I believe this idea is refering to the natural moral law. For some Christians, it was God’s revealing of this “natural law” on Mt. Sinai (ten commandments) that caused it to become objective. The process of self-justification that stems from pride in the sinner would seem to inhibit the “objectivity” of any alleged natural moral law. Therefore - according to that logic - without God’s intervention, because we are sinners we could never discover the natural moral order on our own.
Another idea I have heard from apologists - which would seem to fall into this category - is the idea that without a God that actually exists, there are no consequences for bad behavior. As long as you can get away with things you know or do not know to be wrong, there is no reason to involve your conscience. If God does not exist, we all just turn back to nothing - or dissolve into the ocean of evolving particles of consciousness that concentrate around and within the higher beings. There is, according to this view, no reason to try to follow some sort of moral code if God does not exist. If you can get away with killing someone for selfish motives and it will have no lasting repercussions, there is no objective reason not to do it. Admittedly, most of us live our lives this way - we weigh the consequences of our actions and the possible outcomes. If we might be able to get away with something that is conventionally considered “wrong,” we will probably consider doing it - if only momentarily - if that would be to our advantage.
I think that moral objectivity is possible without explicitly bringing God into the picture. Ethical activity is based on respecting others. We respect other people, because we want them in our lives - because we love them and love requires attention and respect.
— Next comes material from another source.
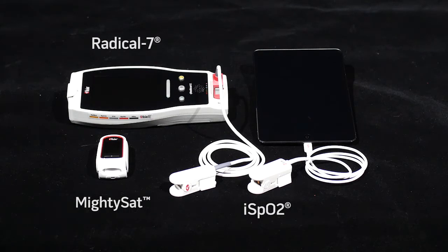Masimo's SET is the leading hospital-grade pulse oximetry technology in the world and is used by leading hospitals and clinics on over 100 million patients per year.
Friendship drives us to develop virtues - virtues that are needed in order to live in harmony with the people we love. These virtues extend beyond the people we love however - for example, when I recognize that my friends must be treated justly, I also become capable of seeing that people I don’t know should also be treated justly, and finally that people I do not love or even hate ought to be treated justly as well. Obviously, when one has little or no personal virtue, when one has no true friends, the objectiveness of morality is a bit of a long shot.